Rappeuse noire anglophone montréalaise. Ce n’est pas toujours un titre facile à porter pour une artiste qui oeuvre dans le rap québécois. Pourtant, c’est bien la réalité de Tyleen, qui proposait son premier projet en carrière, le EP Fanta$y, il y a un peu plus d’une semaine. La MC signée chez Make It Rain Records qu’on a découverte sur la pièce Plan$ de Joe Rocca passe donc un cap avec ce EP où on découvre une rappeuse décomplexée, moderne et terre à terre. Rencontre téléphonique avec l’artiste de Lasalle.

En conversation comme dans ses chansons, Tyleen donne une impression de légèreté.
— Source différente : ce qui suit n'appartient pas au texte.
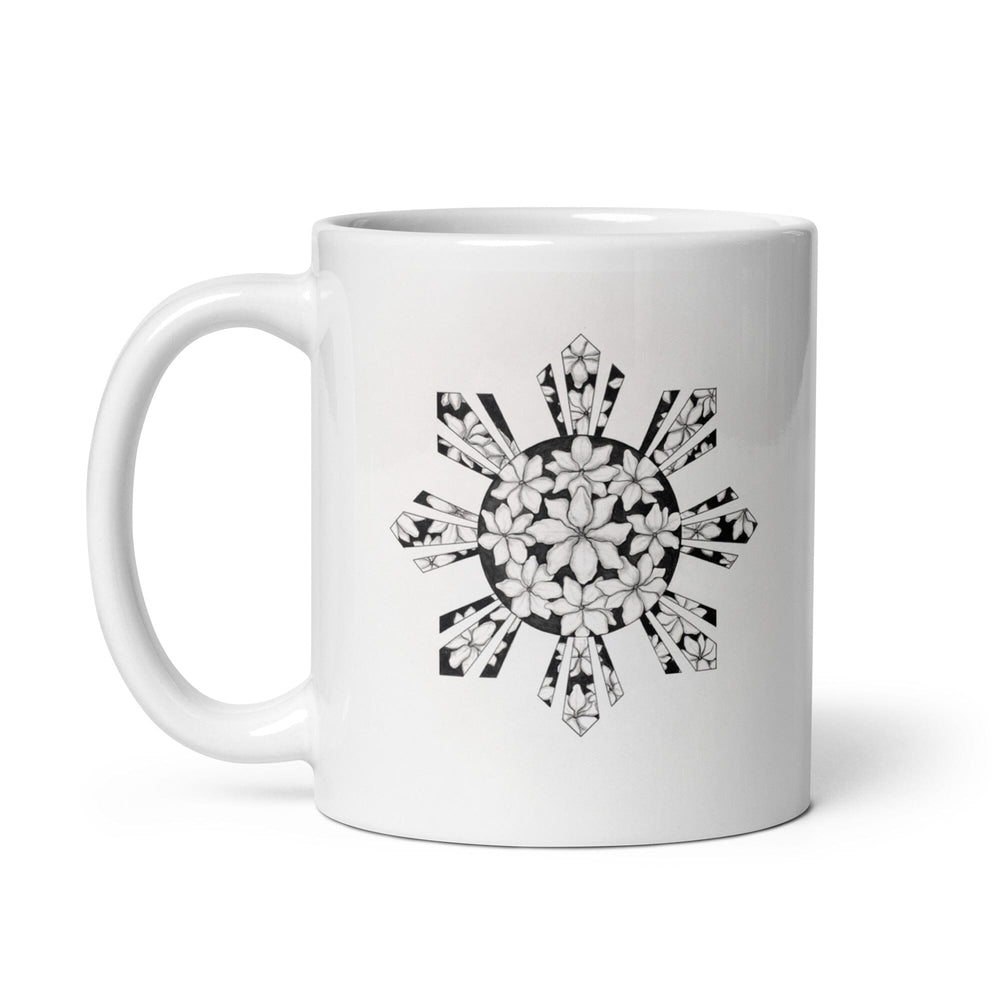 Sampaguita Sun Mug Herbalaria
Si sa musique ne pousse pas aux réflexions profondes, elle permet plutôt de se laisser aller aux sons de basses lourdes et de la voix un brin nonchalante mais déterminée de l’artiste. Sur Fanta$y, cela donne une collection de six pièces homogènes qui présentent un univers musical conséquent et maîtrisé.

Assumer ses forces

Cet univers musical est parfois malheureusement relégué au second rang par le public rap d’ici, car Tyleen n’hésite pas à se dénuder devant l’oeil de la caméra, ce qui fait parler car la pratique est moins commune que sur la scène américaine, par exemple. Cependant, elle ne le fait pas par désir d’attention, mais bien parce qu’elle assume pleinement qui elle est. La rappeuse ne se gêne pas d’afficher ses préférences sexuelles dans sa musique, et si cette ouverture peut déranger, elle se veut aussi une démonstration de la force d’une femme qui décide d’assumer ouvertement son amour de la chair.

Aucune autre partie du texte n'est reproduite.